Tudo me entristece menos o Sporting, que averbou uma excelente vitória contra o adversário tradicional.
JdB
2 comentários:
Pois... embora prefira a maioria absoluta destes senhores a concessões a extremistas (BE) - o PC já não risca desde a queda da URSS - e fanáticos (PAN), a minha relação com este povo continua como sempre: amor-ódio. Percebo lindamente o que diz. Desde os 18 anos que votava CDS, embora tenha começado a andar por lá aos 13. Agora, optei pela IL. Dado que sou religioso, mas não me considero católico (a formação é), a prisão perpétua e a eutanásia não me fazem grande confusão (a eutanásia a mando consciente de quem se quer matar e não as outras que por aí se falam). Quanto às aulas de cidadania como estão, corridas de touros, caça, pesca, ter liberdade de ser hominívoro, concordo em absoluto consigo. O CDS foi grande parte da minha juventude, embora o Partido do Progresso tenha sido o meu ex-libris político nessa época e numa "juventude muito jovem", lodo a seguir ao 25 de Abril, até porque a questão do Ultramar me preocupava. Mas a seguir veio o CDS com o Manuel Monteiro na Juventude Centrista e eu, que nunca fui do centro, alinhei. Depois, foram altos e baixos, mas nunca deixei de votar naquele CDS que, nos últimos tempos, deveu ao Paulo Portas ter crescido de forma a impor as suas ideias. É curioso que o Passos Coelho governou segundo uma linha coincidente com o CDS da altura preconizava. Por outro lado, o CDS incorporava conservadores, democratas-cristãos e liberais, aglutinados numa espécie de “frente” anti-socialista. Gostei de andar por lá, até porque me revia em muitas das opções tomadas. Mas, de repente, o Paulo Portas sai e mais tarde aparece um partido (que já tinha existido, mas tinha sido extinto em 1974-75) que começou a falar uma linguagem que eu entendo e que quer dar aos cidadãos possibilidade de escolha sem impor, pretendendo somente gerir a sociedade, sem interferir muito. Gostei, embora haja coisas que nos dividem e, se calhar, muito. Quanto ao CDS, embora o Francisco Rodrigues dos Santos tenha feito uma boa campanha, foi sempre poucochinho, tendo às vezes raiado a personagem de pastor da igreja maná, à semelhança de um senhor de seu nome Ventura - o Chega, em abono da verdade, tem 1% de gente que pensa e 99% de gente que está ali, como poderia estar no BE ou numa qualquer claque de futebol. Mas o seu sentimento em relação ao CDS é o mesmo que o meu.

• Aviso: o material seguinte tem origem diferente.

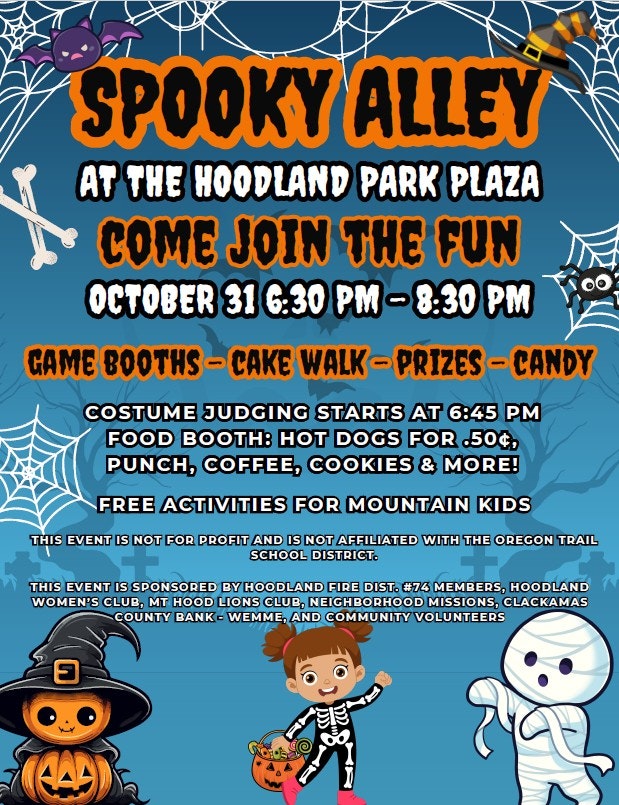 Spooky Alley event at Hoodland Park Plaza on Oct 31, 6:30-8:30 PM. Game booths, cake walk, prizes, candy. Free activities for kids.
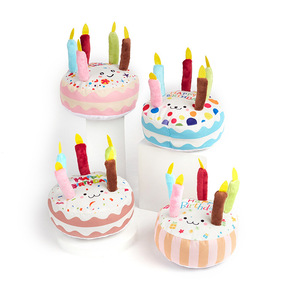 SY2025 sıcak satış Pet malzemeleri yumuşak peluş doğum günü pastası köpek çiğnemek oyuncak doğum günü hediyesi köpek açık eğlenceli köpek peluş oyuncak - Product Image 3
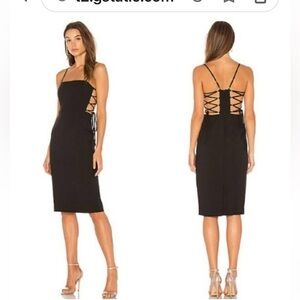 BCBGMaxAzria Black Lace-Up Midi Dress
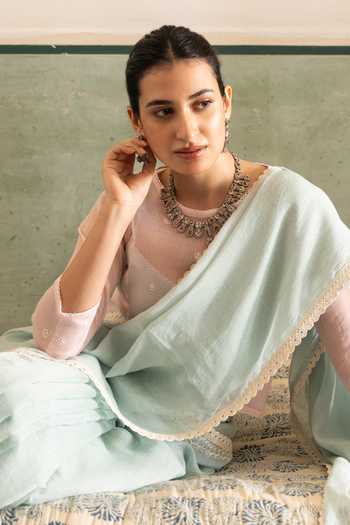 Buy_Label Nimbus_Green Chanderi, Silk, Cotton Bandeau Neck Saree Set With Embroidered Jacket _Online_at_Aza_Fashions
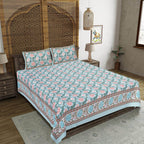Rudra Bazaar Blue 210 TC Cotton Double King Bedsheet With 2 Pillow Covers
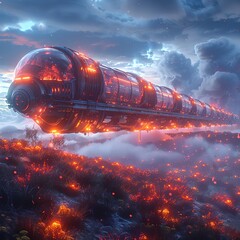 Wall Mural - Futuristic spaceship hovering over a fiery landscape at dusk.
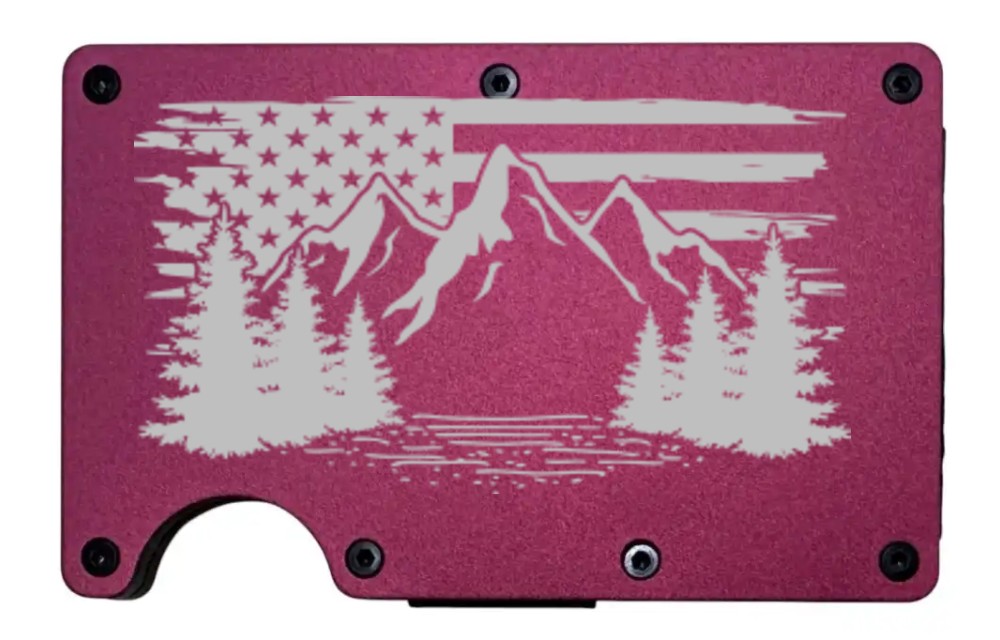Flag Mountain design laser engraved on a wine red metal wallet (preview)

É parte de uma vida que vejo partir, penso, definitivamente.
Obrigado pelo seu comentário - diria pelo seu testemunho.
Percebo a escolha da IL - mas são a favor da eutanásia, da legalização da prostituição, não sei se têm opinião muito forte sobre o mundo rural, foram envergonhados com as corridas de touros...
Enfim, é o que é. Esperam-nos 4 anos de monocromatismo.